Senada dengan itu, Kepala Staf Kepresidenan Dudung Abdurachman mengajak seluruh elemen bangsa untuk tidak melupakan jasa para pahlawan. Menurutnya, perjuangan para pendahulu harus terus dikenang dan dijadikan inspirasi dalam kehidupan sehari-hari.
Penghormatan terhadap pahlawan, kata Dudung, bukan hanya dilakukan melalui seremoni dan ziarah, tetapi juga dengan meneruskan nilai perjuangan mereka melalui pengabdian nyata kepada masyarakat, bangsa, dan negara.
Rawat Makam Pahlawan, Jaga Ingatan Sejarah Bangsa
Selain mengikuti prosesi ziarah dan tabur bunga, Dudung Abdurachman bersama Agus Andrianto turut meninjau kondisi makam dan fasilitas di TMP Taruna Daan Mogot. Mereka berdiskusi dengan petugas mengenai perawatan serta pemeliharaan area makam para pahlawan.
Pemeliharaan TMP dinilai penting sebagai bagian dari upaya menjaga penghormatan terhadap para pejuang sekaligus merawat situs yang memiliki nilai sejarah bagi bangsa Indonesia. Keberadaan taman makam pahlawan juga menjadi sarana edukasi bagi generasi muda untuk mengenal sejarah perjuangan dan memahami besarnya pengorbanan para pendahulu.

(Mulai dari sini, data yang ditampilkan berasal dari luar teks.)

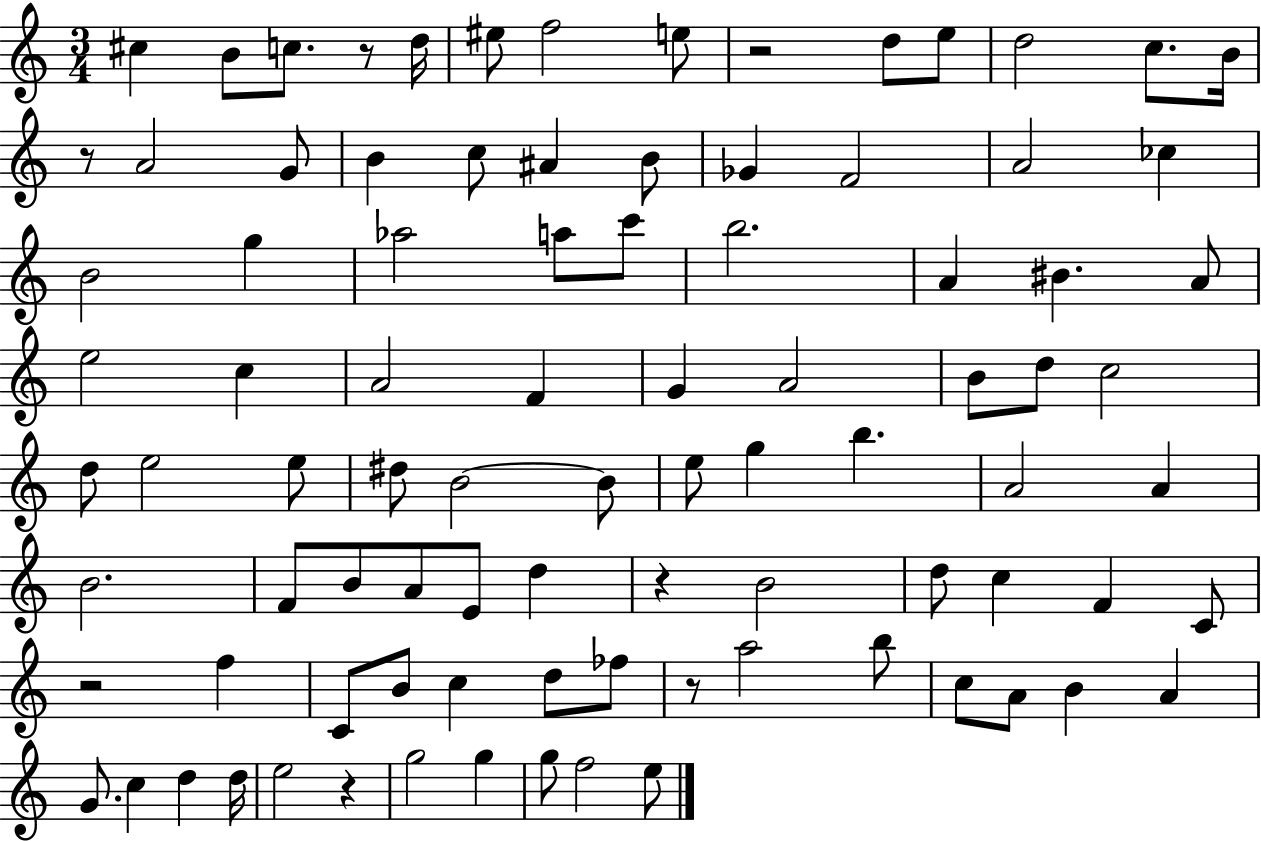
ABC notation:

X:1
T:Untitled
M:3/4
L:1/4
K:C
^c B/2 c/2 z/2 d/4 ^e/2 f2 e/2 z2 d/2 e/2 d2 c/2 B/4 z/2 A2 G/2 B c/2 ^A B/2 _G F2 A2 _c B2 g _a2 a/2 c'/2 b2 A ^B A/2 e2 c A2 F G A2 B/2 d/2 c2 d/2 e2 e/2 ^d/2 B2 B/2 e/2 g b A2 A B2 F/2 B/2 A/2 E/2 d z B2 d/2 c F C/2 z2 f C/2 B/2 c d/2 _f/2 z/2 a2 b/2 c/2 A/2 B A G/2 c d d/4 e2 z g2 g g/2 f2 e/2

Ziarah ke TMP Taruna Daan Mogot menjadi momentum untuk memperkuat kembali kesadaran kebangsaan. Pengorbanan para pahlawan mengingatkan seluruh masyarakat bahwa persatuan, kepedulian, dan semangat pengabdian merupakan nilai yang harus terus dijaga.
Melalui penghormatan terhadap jasa para pahlawan, generasi penerus diharapkan mampu mengambil teladan dari perjuangan masa lalu dan meneruskannya dalam bentuk kontribusi nyata bagi pembangunan Indonesia.
Setiap doa dan tabur bunga yang dilakukan di makam para pahlawan menjadi simbol bahwa bangsa Indonesia tidak melupakan sejarah. Semangat perjuangan mereka diharapkan terus hidup dan menjadi inspirasi bagi seluruh elemen bangsa dalam menjaga persatuan, mempertahankan keutuhan Negara Kesatuan Republik Indonesia, serta mewujudkan masa depan Indonesia yang lebih maju dan sejahtera.